Awesome, great. I don't have any questions as I also have a ton of experience with EIEs and LSEs. I made this thread so that people can share their experiences on how it's not as scary an intertype relationship as most people automatically assume that they are. I can relate to the statement that when the Supervisee uses their creative it does cause some psychological pain. When an LSE goes full Si they can be painfully detailed.



Gentleman said:


> I thought this would be a thread to engage in supervision relations.


That wasn't the purpose, but I suppose we could pair you up with an honest to goodness SLI if you want experience with Supervision. :wink:


----------



## Dalton (Jun 10, 2013)

MNiS said:


> Awesome, great. I don't have any questions as I also have a ton of experience with EIEs and LSEs. I made this thread so that people can share their experiences on how it's not as scary an intertype relationship as most people automatically assume that they are. I can relate to the statement that when the Supervisee uses their creative it does cause some psychological pain. When an LSE goes full Si they can be painfully detailed.


Alternatively, I was interpreting it as painful for the ILI because he has to refrain from pointing at the LSE's creative Si and insisting he use PoLR Ni. @_Dedication_ Is either interpretation correct? I've not experienced lasting relations with an LSE that I could identify.

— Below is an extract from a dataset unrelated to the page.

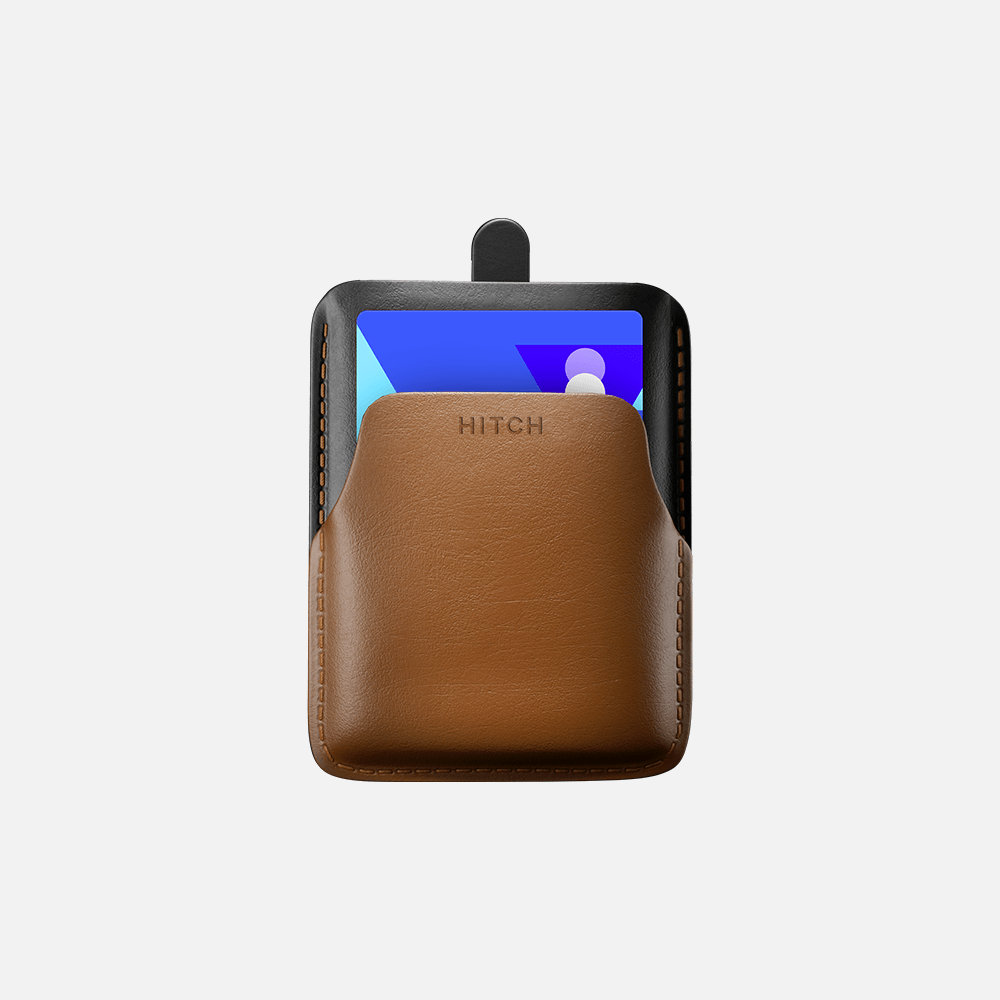 Hitch-Pull Up Cardholder Natural Genuine Leather "Havan Black"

I recently posted in another thread about being the Supervisee:


Dalton said:


> _The following is entirely experiential:
> _
> I've been close to at least two ENFJs. They are my "Supervisors", just as an INTJ would be to you (assuming that you're ESTJ). With my male ENFJ friend, I enjoyed his company for many years, but eventually we had a major conflict of values. This was essentially due to his dominant Fe and my PoLR Fe ("Point of Least Resistance", my weakest and least-enjoyable function).
> 
> The Supervisor has a belief that you "should" value the function, and sees you as a project to develop. My Supervisors felt like they were "helping". However, when I accepted their Supervision, I ultimately felt dirty. For me, using and observing Fe feels dishonest and unnatural. I might extrapolate that for you, an ESTJ, using Ni (as an INTJ partner will undoubtedly encourage) could give you a similar "dirty" feeling.





Entropic said:


> @_Dedication_ how do you explain how Ni would somehow give rise to physical sensations in the body? Isn't that an Si thing to experience? The Ni type is decidedly out of tune and out of touch with those experiences.

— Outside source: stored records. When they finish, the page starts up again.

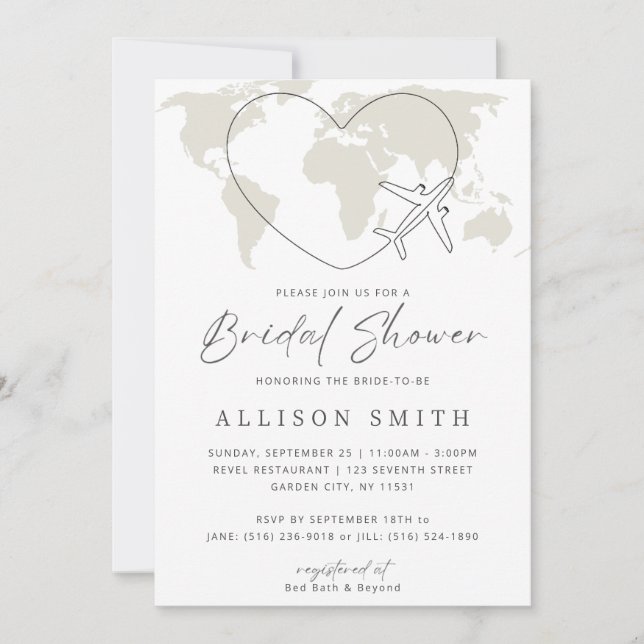 World Traveller Bridal Shower Invitation (Front)
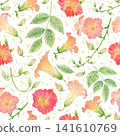 Watercolor Orange Chinese Trumpet Vine Flower Seamless Pattern 141610769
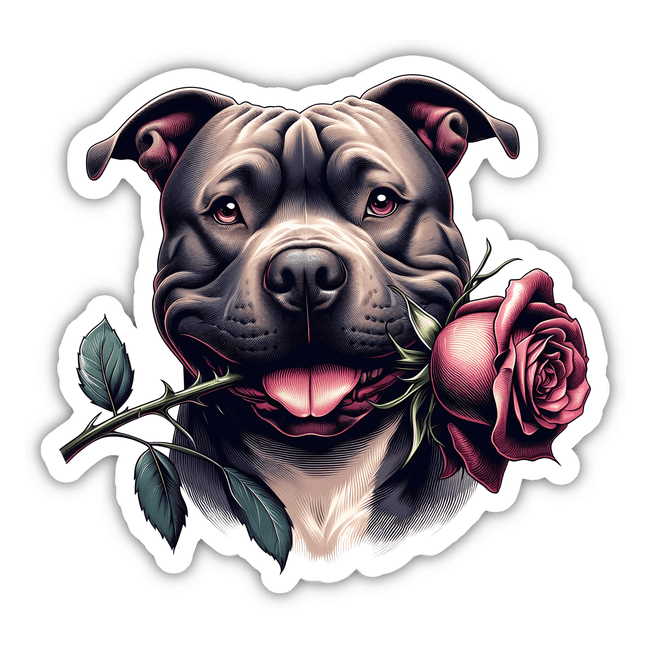 Pitbull with Rose in Mouth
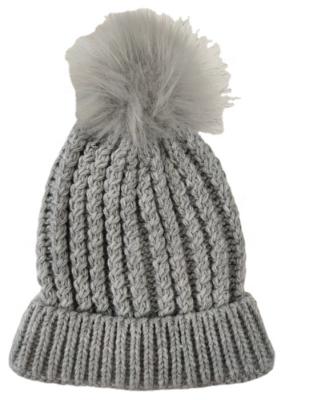 China Custom Leather Fleece Striped Winter JOINT Badge Rib Knitted Pompom Beanie Hat with Faux Fur Pom Pom for sale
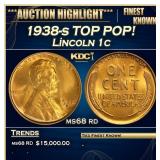 1938-s Lincoln Cent TOP POP! 1c ms68 rd SEGS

I can't speak for him, but I think he was speaking of non-physical "headaches".


----------



## Gentleman (Jun 14, 2014)

MNiS said:


> That wasn't the purpose, but I suppose we could pair you up with an honest to goodness SLI if you want experience with Supervision. :wink:


May I ask why SLI is my supervision partner?


----------



## MNiS (Jan 30, 2010)

Gentleman said:


> May I ask why SLI is my supervision partner?


I'd gather that you are an LIE(ENTj).


----------



## Gentleman (Jun 14, 2014)

MNiS said:


> I'd gather that you are an LIE(ENTj).


May I ask for your reasoning as to why I'm an LIE?


----------



## MNiS (Jan 30, 2010)

Dalton said:


> Alternatively, I was interpreting it as painful for the ILI because he has to refrain from pointing at the LSE's creative Si and insisting he use PoLR Ni.


That could definitely be painful, especially if one is _supposed_ to remain quiet and not offer alternative viewpoints. I'm sure Dedication can explain more about what he meant though.


----------



## Entropic (Jun 15, 2012)

Dalton said:


> I can't speak for him, but I think he was speaking of non-physical "headaches".


I actually perfectly understand that he was expressing that they were not per se, actual headaches, but the truth remains that he chose to express it as such, as headaches, that psychological pain gives rise to headaches that are decidedly a physiological phenomenon. That's a curious way of experiencing reality, don't you think? And seems out of touch with how I understand Ni to operate, hence I asked for clarification what he meant.


----------



## MNiS (Jan 30, 2010)

Gentleman said:


> May I ask for your reasoning as to why I'm an LIE?


Sure, if you'd like to make a type me thread I'd be more than happy to assist you with finding your type. :happy:


----------



## Dedication (Jun 11, 2013)

Entropic said:


> @_Dedication_ how do you explain how Ni would somehow give rise to physical sensations in the body? Isn't that an Si thing to experience? The Ni type is decidedly out of tune and out of touch with those experiences.


It wasn't really that Ni gave rise to physical sensation in the body. It was recovering from the lack of Ni which give me pain.

What happened was that whenever she, the LSE, got intimate with me by staring at each other, hugging and cuddling my Ni would shut down. Acces to my imagination stopped. The place where mental movies would run and my general thoughts resided stopped working. 

If I were to describe it as such: There's the observer (who I identify with as 'me'), open space in which all my thoughts and imagination goes on and then comes reality. Her Si caused the gap between me and reality to close.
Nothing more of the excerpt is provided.